Breaking News

Dealing with “underwater” mortgages

The Supreme Court, taking on a bankruptcy issue that grew out of the collapse of the U.S. housing market, agreed on Monday to sort out when a mortgage debt on a home that has lost its value can be completely wiped out.  At issue in a pair of cases is the so-called “strip off” in bankruptcy of a mortgage that is ranked lower than another loan when the mortgaged property is worth so little that it could not cover either debt.

The Court, in the consolidated cases of Bank of America v. Caulkett and Bank of America v. Toledo-Cardona, will be deciding whether a “strip off” of a mortgage is to be barred in the same way that a “strip down” already is, under a 1992 Supreme Court ruling (Dewsnup v. Timm).

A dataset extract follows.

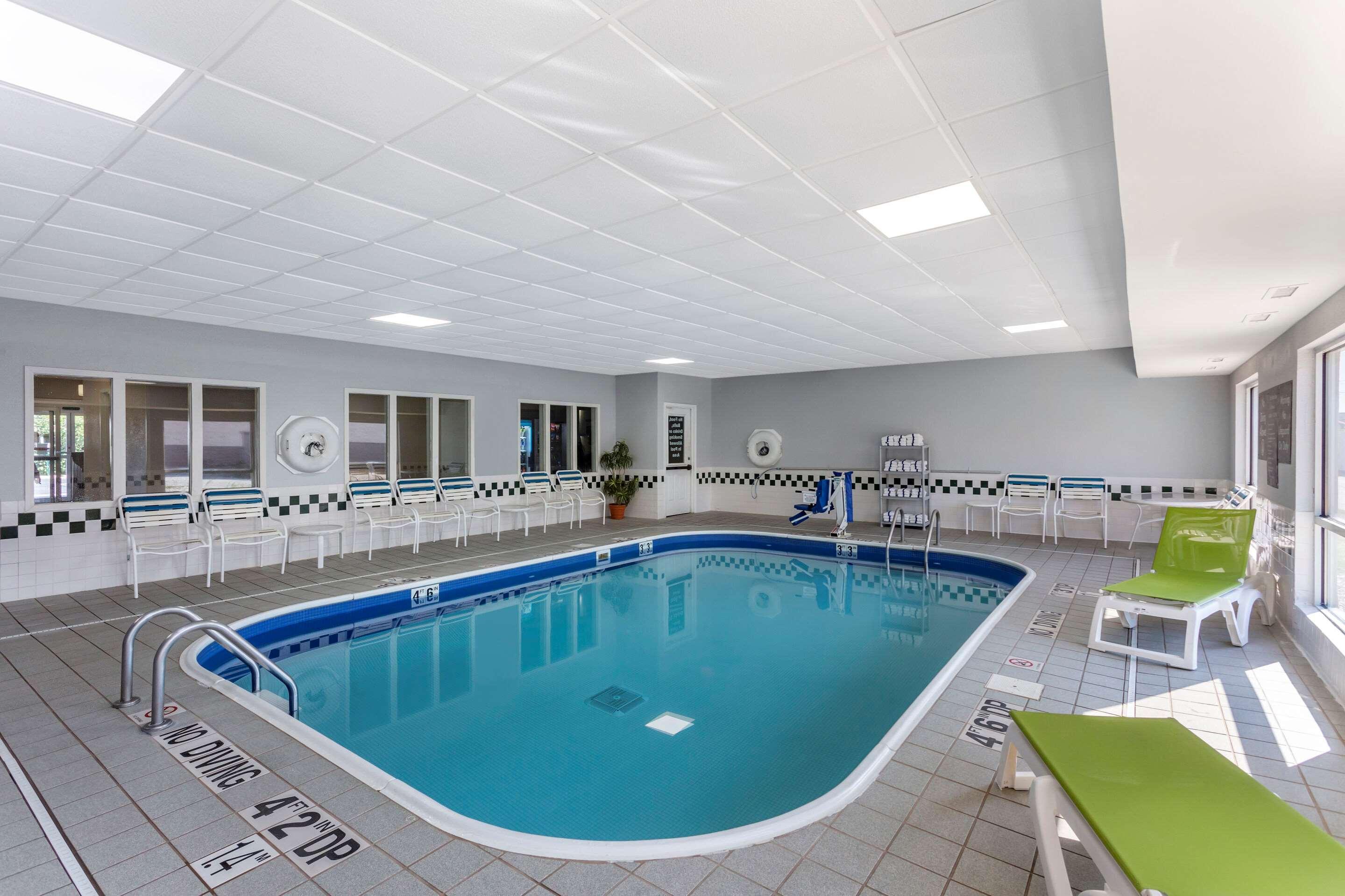 Comfort Near Six Flags 3* Gurnee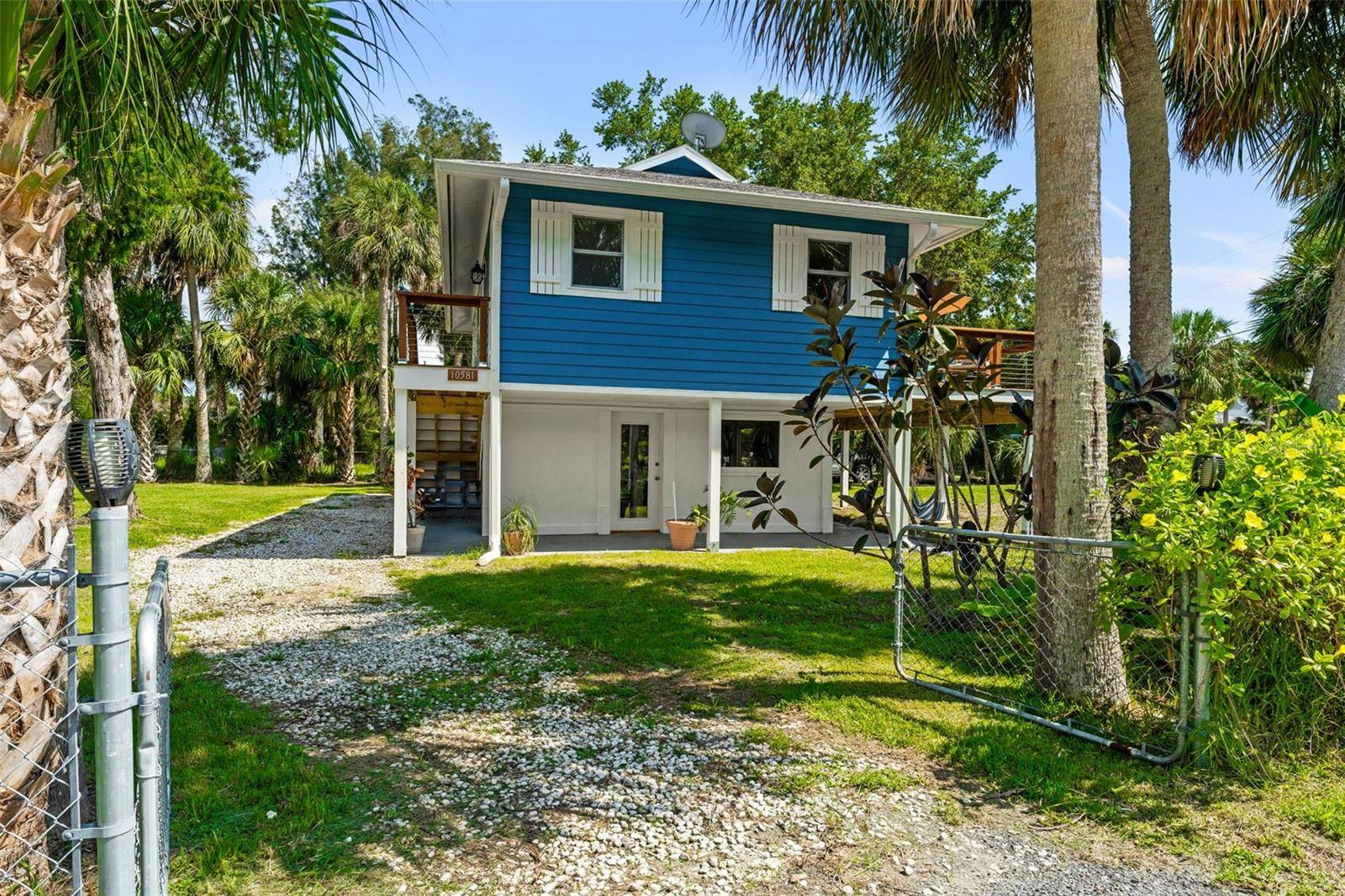 Weeki Wachee, FL 34607,10581 PINE ISLAND DR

In the Dewsnup decision, the Court ruled that the bankruptcy code does not allow a debtor to resist a claim by a creditor by having the value of real property “stripped down” to its current market value.  The Court said that the practical effect of allowing “strip down” of a lien in that way would be to freeze the creditor’s claim to a court-determined value, contrary to the earlier view that the value of debts on real property remain unaffected as they pass through bankruptcy proceedings.

The situation in the newly granted cases is that Florida home-owners in Melbourne and Tampa each had first and second mortgages on their properties, and the second mortgages were issued by Bank of America.  When the housing bubble burst and the home-owners could not cover their debts, they filed for bankruptcy under Chapter 7.  They asked the bankruptcy judge to void their second mortgages, noting that their homes had lost so much value that even the first mortgages involved debts beyond the value of the property — that is, the loan was “under water.”

Both Bank of America loans were wiped out, in decisions upheld by the U.S. Court of Appeals for the Eleventh Circuit, applying circuit precedent that the Supreme Court had left intact in a denial of review last March in an earlier Bank of America case..

Bank of America took both cases to the Supreme Court, arguing that the issue is an important and recurring one in bankruptcy law, and contending that a “strip off” of a lower-ranking lien is no more allowed than a “strip down” is.   That is the issue the Justices agreed to hear and decide, later this Term.  The two petitions were consolidated for one hour of oral argument.

That was the only new case the Justices agreed on Monday to review.